«Записки дьячка» (в дальнейшем «Записки причетника») отпочковались от украинского «Дяка». Первая часть этой обширной повести, вернее сказать романа, действительно застряла в Синоде и только в 1869–1870 годах в несколько измененном виде и с прибавлением новых глав была напечатана в «Отечественных записках». Публикацию, однако, пришлось прервать после того, как надзирающий за журналом цензор Лебедев обнаружил в «Записках причетника» «самые неблагопристойные», переполненные «крайним цинизмом» картины, внушающие отвращение к лицам духовного звания (например, сцена попойки священников и монахинь у сельского попа), и даже предложил арестовать «означенную книжку» журнала.
Позже, в 1874 году, писательнице удалось включить в отдельное издание изъятые из «Отечественных записок» главы и восстановить многие купюры. Этот текст романа считался каноническим до тех пор, пока в отделе рукописей Института русской литературы не был найден манускрипт, содержащий существенные дополнения{46}
.Итак, говоря словами Салтыкова-Щедрина, Марко Вовчок еще раз разворошила зловонное болото, порождающее чертей. Сельское духовенство — оплот произвола и рассадник мракобесия. Женские монастыри — средоточие всех мыслимых и немыслимых пороков. Если искать художественный эквивалент, то прежде всего вспоминаются убийственно-сатирические полотна Перова «Чаепитие в Мытищах» и «Сельский крестный ход на Пасхе».
Сама же писательница несколько странно и неожиданно объяснила свой замысел Ешевскому: «Меня очень теперь волнует мысль, сколько бы могли делать женщины, священнические дочери и жены, и что они ничего не делают, а только преуспевают в телесах. С некоторого времени я вдруг стала замечать, что во время моих собственных личных мыслей стали меня осаждать лики архиереев, дьячков, и дьячих, и поповен и что жизнь их беспрестанно мне представлялась то в том, то в другом образе — я стала писать и, когда написала, тогда только уяснилось мне, чего я хочу от них и зачем я их тревожу. И не можете представить, до чего они меня теперь занимают, точно я получила от них важный вопрос — ответила и жду еще важнейшего. Вот как».

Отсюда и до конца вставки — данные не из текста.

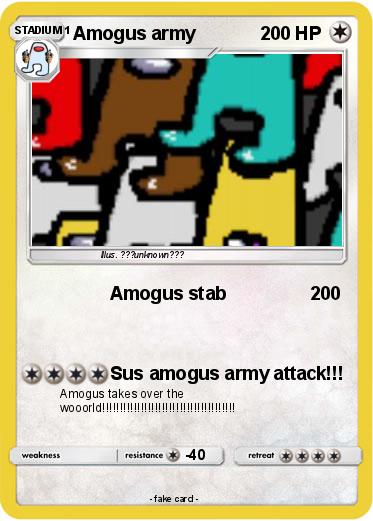 Pokemon Amogus army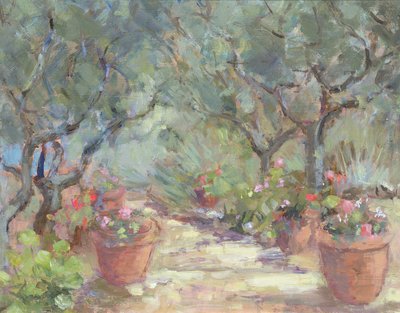 Hage i Porto Ercole, Italia, 1996 av Karen Armitage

В русской и украинской классической прозе трудно, пожалуй, найти произведение, острее и беспощаднее обличающее служителей алтаря. И тем не менее приведенные слова писательницы дают ключ к верному пониманию замысла. Роман казался бы беспросветно мрачным, если бы силам зла не противостояло светлое, жизнеутверждающее начало. И это подчеркивается в вводной главе притчей о кузнеце, победившем стоглавое чудовище. Народ-богатырь в конце концов пересилит зло. Таков смысл аллегории. Но есть еще и глубинный подтекст: стоглавое чудовище вызывает в памяти тот самый стих Тредиаковского — «Чудище обло, озорно, огромно, стозевно и лаяй», — который Радищев выставил эпиграфом к «Путешествию из Петербурга в Москву». Надо думать, перекличка не случайная!{47}
Народная фантазия, утверждает автор в изречениях, сопровождающих притчу о кузнеце, дает самовернейшее понятие о народе: «Герои и героини всегда подают собой пример мужества, непреклонной решимости, бодрости в бедах и напастях, терпения, постоянства в чувствах и мыслях и ничем не со-крушимого стремления к задуманной цели».
Вот этими замечательными душевными свойствами и наделены герои романа, восстающие против «стоглавого чудовища». Мятежный дьяк Софроний, непокорная поповна Настя и сам рассказчик, правдолюбец Тимош, бросают вызов страшному миру физического и духовного порабощения, олицетворенного в церковной власти. Все трое вырвались из мрака к свету, и никакая сила не заставит их смириться с торжествующим злом.
Разночинная демократическая интеллигенция поставляла России героев революционного слова и действия. Лучшие из лучших откалывались от духовной среды и пополняли ряды борцов. Таким образом Марко Вовчок дает в «Записках причетника» еще одну вариацию чрезвычайно актуальной для того времени темы «новых людей».
И роман производит тем большее впечатление, что позиция рассказчика совпадает со взглядами автора: «В наибезотраднейшие минуты, в порывах самой томительной горести, мне ни разу не приходила даже мимолетная мысль о возможности покориться обстоятельствам. Напротив, чем невыносимее были мои страдания, тем сильнее разжигался я враждою и неукротимою страстью противоборствовать ненавистным для меня порядкам».